It's been said that hindsight is 20/20. If that's true, what eyesight do I need to see ahead? For decades, each of us has developed our own version of Superman's X-ray vision, and, in some unfortunate cases, myopic vision. My favorite enhanced vision comes by way of the crystal ball.
For starters, for me all of the superpowers I need are wrapped up in my very own crystal ball-the telephone. Nothing replaces picking up the phone and talking with rodders, builders, and manufacturers. Throw in the handful of summer events, indoor car shows, and hanging out with my car-club buddies (not as often as I would like), and you pretty much have my industry-based super X-ray vision.

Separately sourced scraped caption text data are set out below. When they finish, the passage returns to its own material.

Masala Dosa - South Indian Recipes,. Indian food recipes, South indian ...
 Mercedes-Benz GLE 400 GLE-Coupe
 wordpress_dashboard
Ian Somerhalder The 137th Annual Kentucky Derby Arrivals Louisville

Of course, any time I am at a loss, all I have to do is peck away on my coconut keyboard, and Hawaii-based Senior Editor Ron Ceridono will provide me with an opinion on any relevant (or irrelevant) subject! Sometimes he's right-I seem to recall him saying he thought the Hula-Hoop would be all the rage back in the summer of '57.
As far as what I expect to see that will really strike a cord with me during the summer of '08, right now I would have to say not much. But I am also sure that at about the time I become jaded, a car will knock my huaraches right off my feet. (For those who did not grow up in the Southland, huaraches are Mexican sandals and the really cool ones from the '60s were leather stitched over old rubber tire tread. Still have my pair from the summer of '67-wow, that was even too much info for me.)

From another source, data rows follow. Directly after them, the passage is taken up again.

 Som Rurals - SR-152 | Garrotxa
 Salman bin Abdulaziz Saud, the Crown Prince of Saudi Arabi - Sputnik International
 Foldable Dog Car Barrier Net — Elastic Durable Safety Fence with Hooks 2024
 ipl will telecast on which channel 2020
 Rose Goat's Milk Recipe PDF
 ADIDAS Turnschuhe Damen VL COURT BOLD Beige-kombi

My crystal ball efforts always begin at the SEMA Show in Las Vegas. There's plenty to see in hard parts and a great deal of info to be had by talking to everyone. Next up is SEMA's Motorsports Parts Manufacturers Council (MPMC). The general car enthusiast is probably not aware of, nor could he attend, this event, and yet he would thoroughly enjoy the MPMC. It's an automotive journalist tradeshow where we spend 20 minutes a day with 14 different manufacturers for three days. SEMA provides a list of nearly 100 aftermarket manufacturers from around the country months in advance. These are companies that are difficult for us to visit in person; we refer to them as "geographically undesirable." Everybody's voice is "spent" at the end of three days of nonstop information dissemination. Ye ol' Senior Editor Ron-the transplanted Bay Area Italian-and I have attended this event since its inception. I can also tell you it is the most intense three days we experience all year. It's not the Nats, Grand National Roadster Show, or the Detroit Autorama, but minute for minute, the MPMC is the best time we spend developing many of the story ideas you will read about over the course of the coming year. As for gazing into a crystal ball, the MPMC is about as good a barometer on what's about to be released, what's hot (and what's not), and what should make interesting reading as anything.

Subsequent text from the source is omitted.